Leaving out all pictures, repeat exactly the lines from the one that holds "Leverkusens Nordi Mukiele" to the last line of the entries below.
[[ Exercise materials, beginning ]]
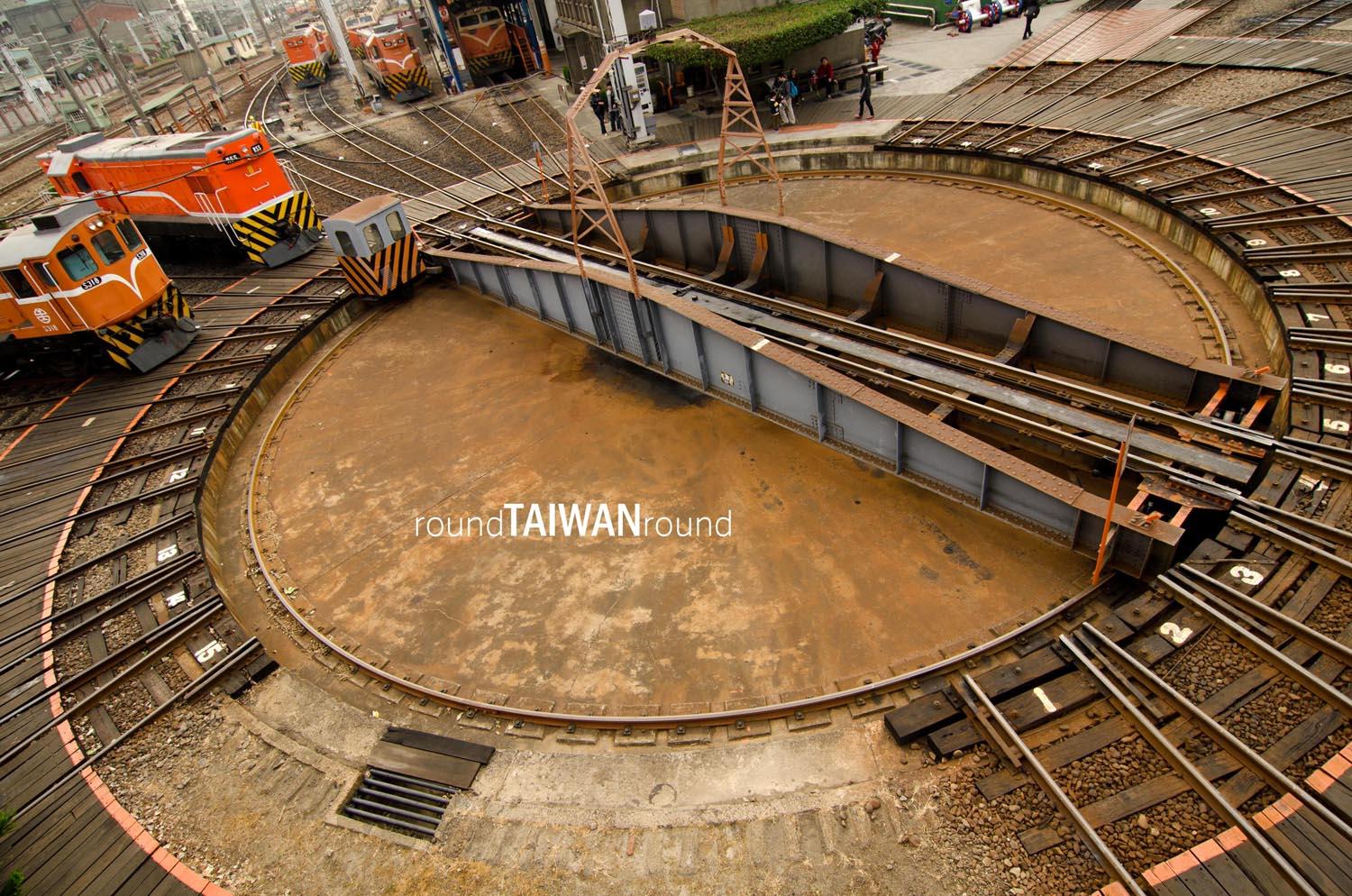 Fan-shaped_Train_Garage_______-003.jpg
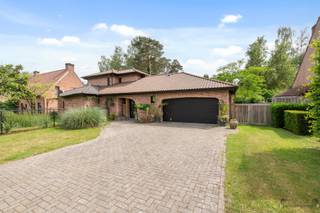 <p><span>Exclusieve Spaanse villa met 3 slaapkamers, poolhouse, zwembad en unieke haciënda-sfeer in Halle-Zoersel</span></p><p><span>In een rustige en residentiële straat in het geliefde Halle-Zoersel bevindt zich deze uitzonderlijke en karaktervolle Spaanse villa op een prachtig aangelegd perceel. De woning ademt sfeer, charme en vakantiegevoel dankzij haar unieke architectuur en de prachtig aangelegde tuin geïnspireerd op een authentieke haciënda.</span></p><p><span>Via de inkomhal komen we terecht in de stijlvolle open keuken met centraal kookeiland. Deze vormt het hart van de woning en sluit enerzijds aan op de lichtrijke veranda met prachtig zicht op de tuin en het zwembad, anderzijds op de warme en gezellige woonkamer. De leefruimte straalt karakter uit dankzij de zichtbare houten balken, de open haard </span></p><p><span>Op het gelijkvloers bevindt zich de royale masterbedroom met dressing en een luxueus vernieuwde badkamer uitgerust met ligbad, inloopdouche en wastafel. </span></p><p><span>Op de verdieping bevinden zich nog twee extra slaapkamers en een tweede badkamer met douche, toilet en lavabo.</span></p><p><span>De volledig aangelegde tuin vormt zonder twijfel één van de absolute blikvangers van deze eigendom. Het ruime terras, het zwembad, de exotische beplanting en de verschillende gezellige zithoeken creëren een unieke vakantiesfeer. Achteraan het perceel bevindt zich bovendien een groot poolhouse met eigen douche, ideaal als ontspanningsruimte, gastenverblijf of zomerbar.</span></p><p><span>Extra troeven:</span></p><ul><li><span>Unieke Spaanse villa met haciënda-uitstraling </span></li><li><span>Rustige toplocatie in Halle-Zoersel </span></li><li><span>3 volwaardige slaapkamers </span></li><li><span>Open keuken met kookeiland </span></li><li><span>Ruime en lichtrijke veranda </span></li><li><span>Groot poolhouse met douche </span></li><li><span>Dubbele inpandige garage </span></li><li><span>2 badkamers </span></li><li><span>Zonnepanelen aanwezig </span></li><li><span>Dak vernieuwd in 2022 </span></li><li><span>Instapklaar en perfect onderhouden </span></li><li><span>Prachtig aangelegde tuin met zwembad en volledige privacy </span></li><li><span>Karaktervolle architectuur met warme materialen en authentieke elementen </span></li></ul><p><span>Een unieke en zeldzame eigendom voor liefhebbers van charme, luxe en zuiderse sfeer, gelegen op een toplocatie in het groene Halle-Zoersel.</span></p><p><span>Interesse? Contacteer ons vandaag nog voor een exclusief bezoek ter plaatse.</span></p>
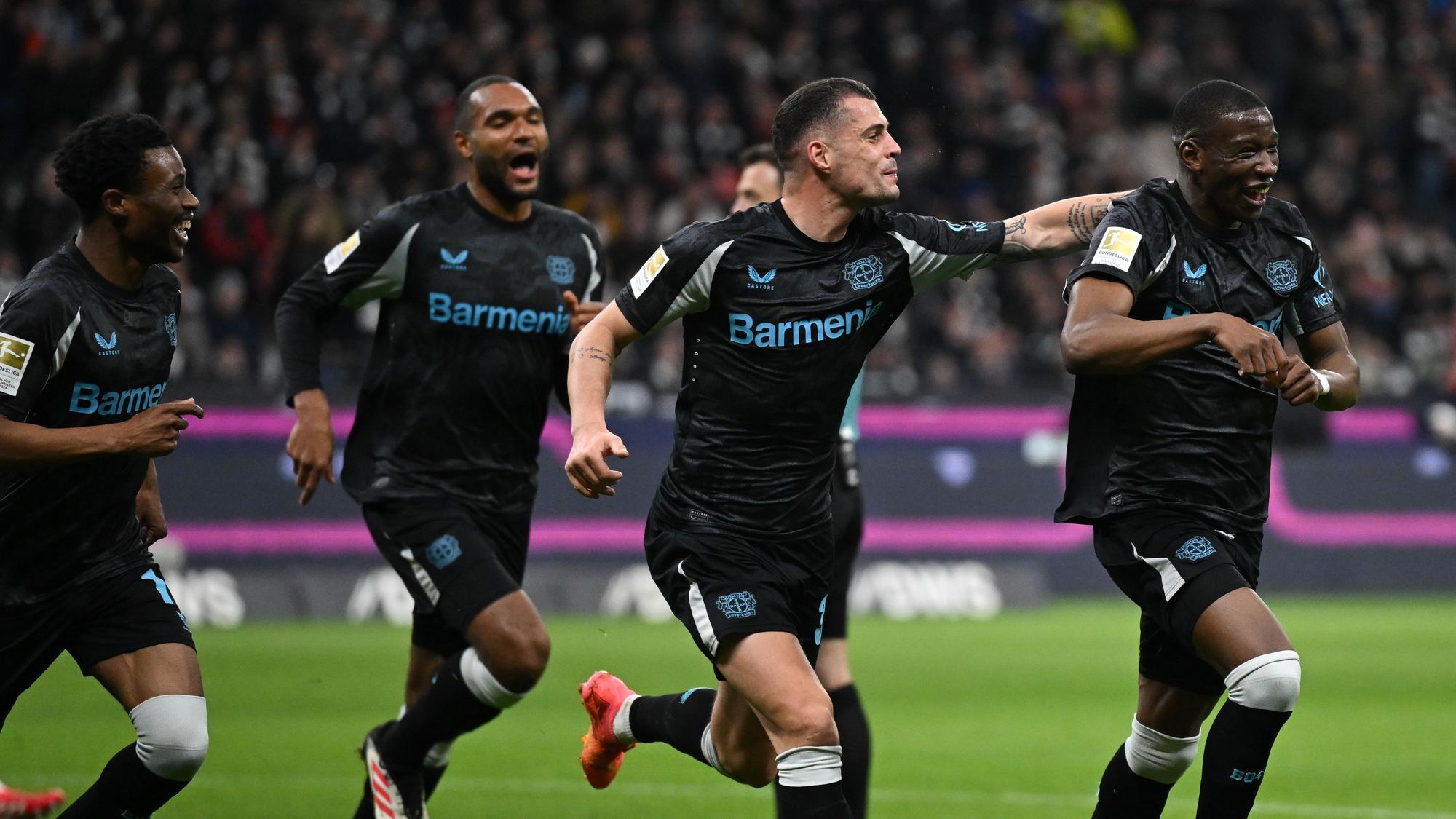 Leverkusens Nordi Mukiele (r) jubelt nach dem Tor zum 2:0 mit Nathan Tella (l-r), Jonathan Tah und Granit Xhaka.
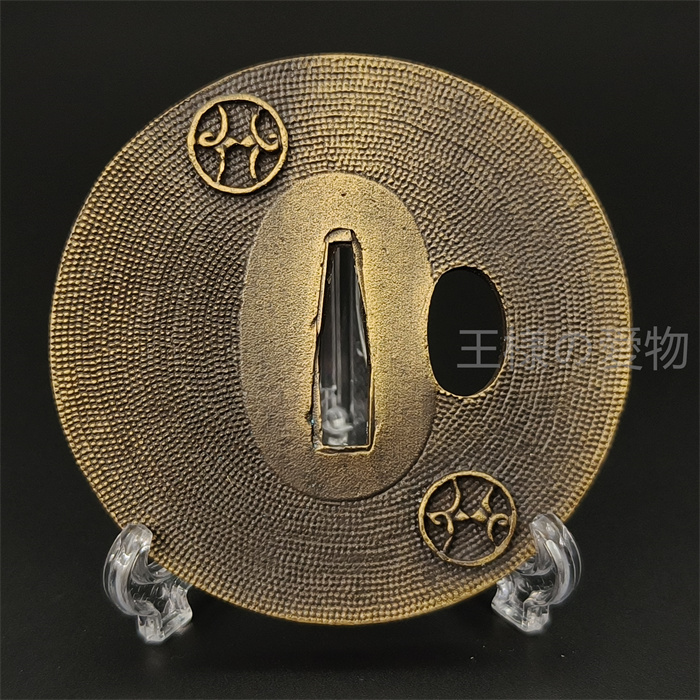 楽天市場】日本刀装具 唐草紋の図 金色 短刀鍔 合金製 現代品 鍔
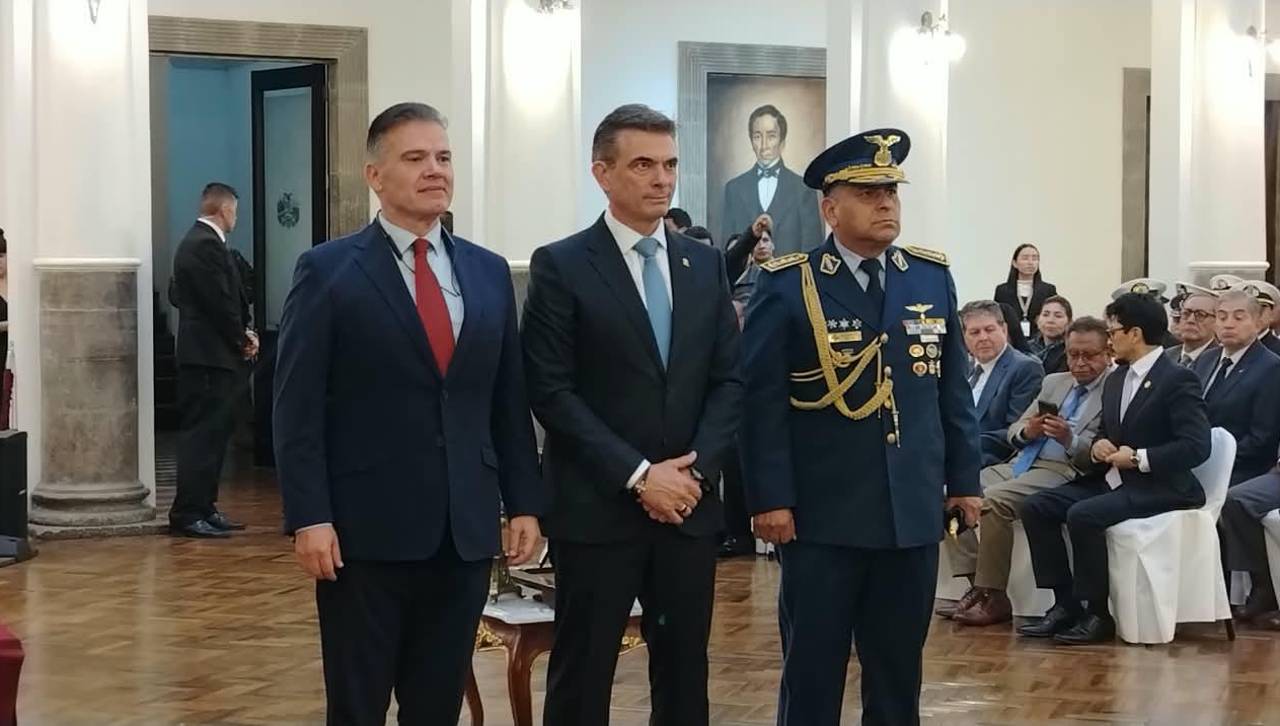 Paz posesiona al Secretario General Permanente del Consejo Supremo de Defensa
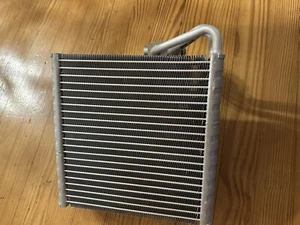 Genuine GM Evaporator Core 22804121 - Picture 1 of 4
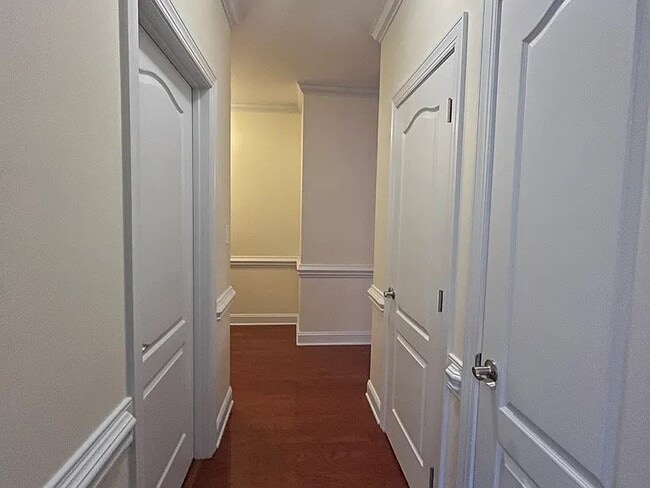 Photo - 212 Fountainhead Ln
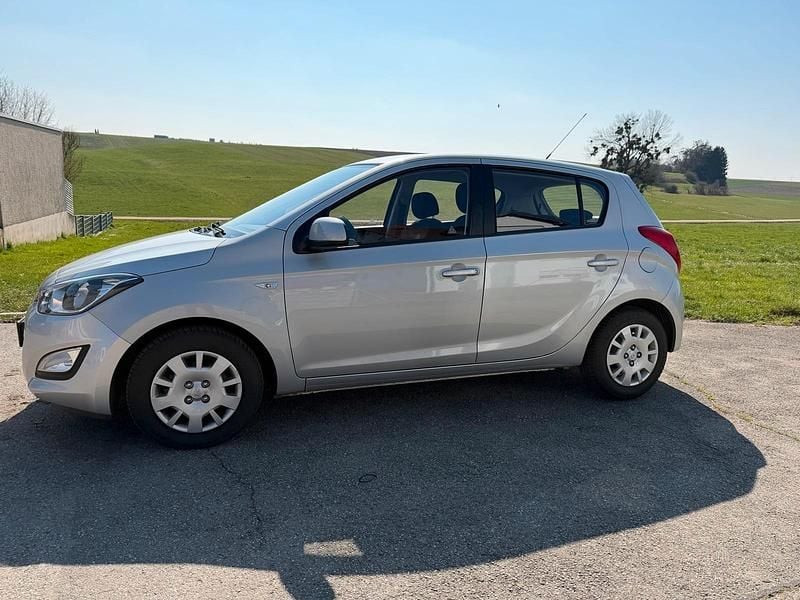 Gebraucht Hyundai i20 86 PS (63 kW) 2013 Silber Kleinwagen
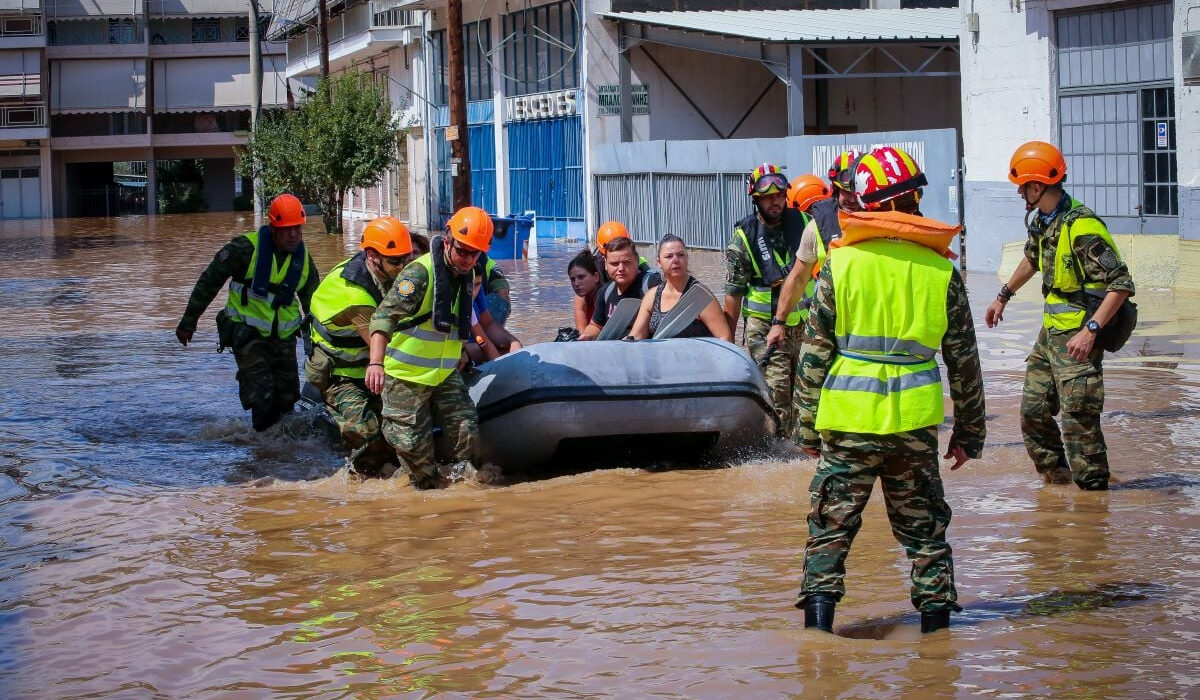 Κακοκαιρία Daniel: Πάνω από 2.000 πολίτες στη Θεσσαλία έχουν απεγκλωβιστεί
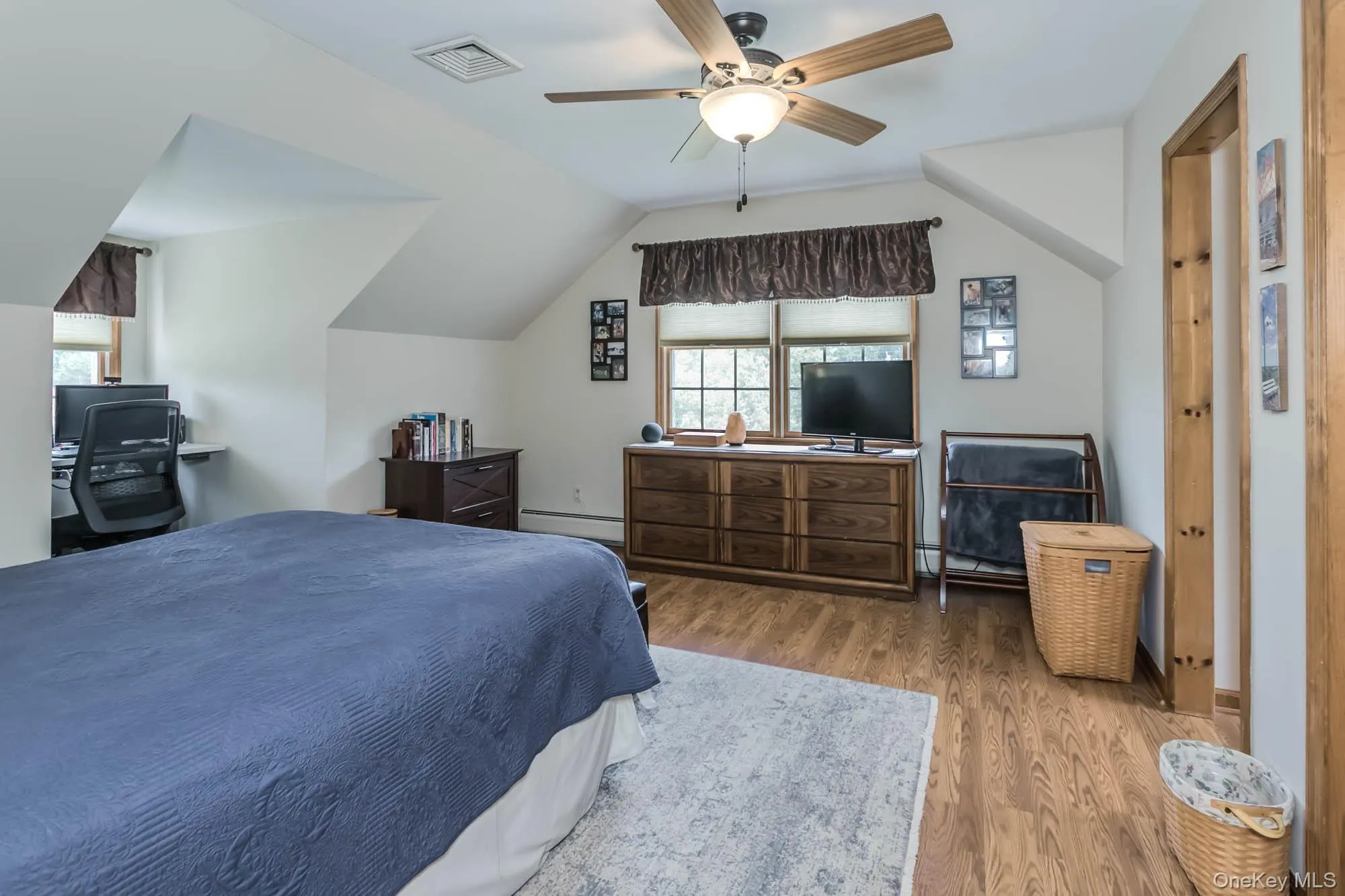 1 Cedar Hill Drive, Warwick (town), NY, 3 Bedrooms Bedrooms, 12 Rooms Rooms,2 BathroomsBathrooms,Residential,For Rent,Cedar Hill,0,1034702 1 Cedar Hill Drive, Warwick (town), NY, 3 Bedrooms Bedrooms, 12 Rooms Rooms,2 BathroomsBathrooms,Residential,For Rent,Cedar Hill,0,1034702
[[ Exercise materials, end ]]
■ Result:
 Leverkusens Nordi Mukiele (r) jubelt nach dem Tor zum 2:0 mit Nathan Tella (l-r), Jonathan Tah und Granit Xhaka.
 楽天市場】日本刀装具 唐草紋の図 金色 短刀鍔 合金製 現代品 鍔
 Paz posesiona al Secretario General Permanente del Consejo Supremo de Defensa
 Genuine GM Evaporator Core 22804121 - Picture 1 of 4
 Photo - 212 Fountainhead Ln
 Gebraucht Hyundai i20 86 PS (63 kW) 2013 Silber Kleinwagen
 Κακοκαιρία Daniel: Πάνω από 2.000 πολίτες στη Θεσσαλία έχουν απεγκλωβιστεί
 1 Cedar Hill Drive, Warwick (town), NY, 3 Bedrooms Bedrooms, 12 Rooms Rooms,2 BathroomsBathrooms,Residential,For Rent,Cedar Hill,0,1034702 1 Cedar Hill Drive, Warwick (town), NY, 3 Bedrooms Bedrooms, 12 Rooms Rooms,2 BathroomsBathrooms,Residential,For Rent,Cedar Hill,0,1034702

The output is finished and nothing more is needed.